Mr. Chair, I thank the member for the question.
I'd like to begin my answer by saying that I fully understand the concerns of Canadians when changes are made to their memory institutions. I've been around a long time, having worked in cultural and social policy for the Government of Canada since 1986. I've been in this museum corporation for 12 years. I was in the corporation when another government created a museum, when a government built the Canadian War Museum, and I saw that project from the ground up. Many of the same concerns and discussions were certainly central to that whole period as well.

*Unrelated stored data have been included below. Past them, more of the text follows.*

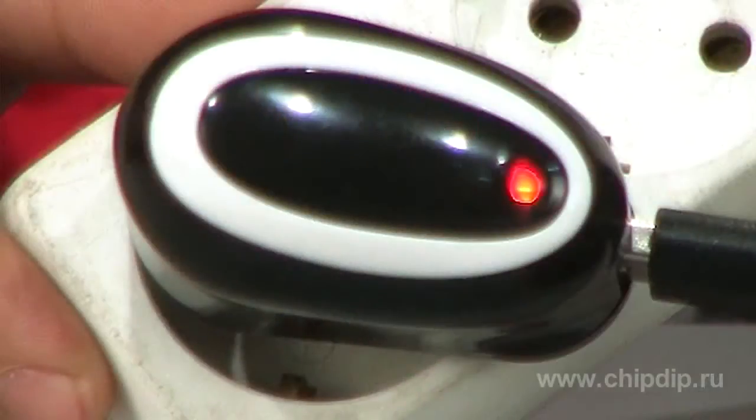A red LED is an operation lamp of the device. Maximum current consumption during charging can be up to 1 ampere.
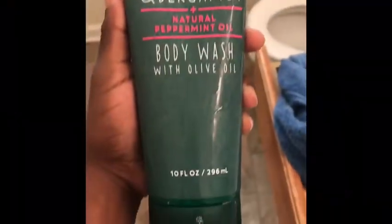Now it is time to get in the shower. This is what I use for my body wash, and this is my outfit of the day.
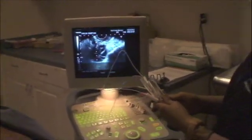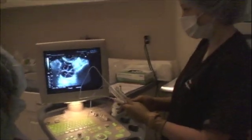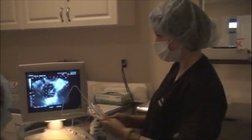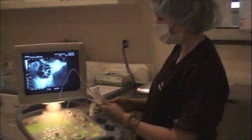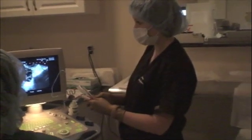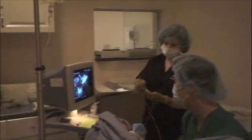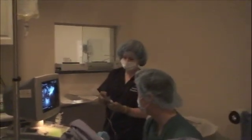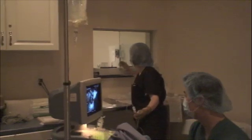The eggs are contained within the follicular fluid, so this fluid will be examined for the presence of the eggs. Once I drain all of the follicles from one ovary, the needle is then passed through the other side of the vagina into the opposite ovary, and all of the follicles from this ovary will be drained as well. The procedure only takes somewhere between 10 and 15 minutes to complete, and by the time the patient is waking up from anesthesia, we usually have a complete count for the total number of eggs that we've retrieved.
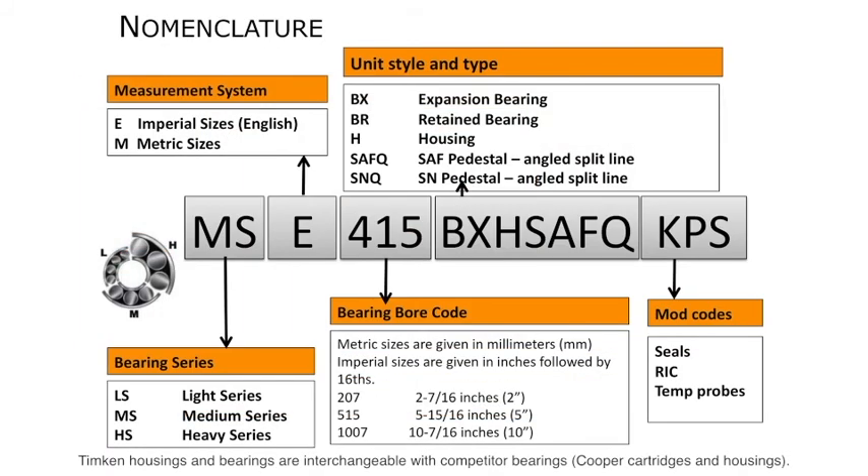The Revolvo nomenclature allows you to order the complete assembly or bearing and seal replacements. For a complete assembly, it begins with the series — light and medium are the most common of the three options; in this example we're using the medium series. The next single letter, either E or M, represents English or metric. The following box shows the actual shaft outside diameter, which in this case is 4 and 15/16ths. The unit style and type dictate if we want a BX (expansion/floating bearing) or a BR (retained/fixed bearing). The H indicates we want a housing, and the SEFQ shows the angled split line or quick-fit pedestal. Finally, we specify the seal option — Kevlar or Labyrinth are the most common.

I think those concerns are understandable. What works, and as the Minister of Canadian Heritage explained, simply by its statutory nature the museum is a crown corporation existing at arm's length from the Government of Canada. Ministers and governments make their views known in very broad ways, as the former government did about the need for a military history museum, as this government has about its desire to introduce a bill to Parliament, and here you are at second reading.
The arm's length and the protection flows from the governance structure of the corporation, and that is the role of the board of trustees in setting the strategic direction and, as I think many of the members of this committee know, that is a cornerstone of crown corporation governance. It appears in our corporate plan each year. It is my task as the CEO of the corporation to respond to that strategic direction and demonstrate to the board, operating on behalf of the minister of the government, that we are indeed implementing it.
My experience in the corporation is that the members of this committee as well as Canadians can be encouraged and assured that the museum will operate independently from the Government of Canada, and that the content of this new museum will be created by the content experts who work for us: the museologists, curators, researchers, and historians.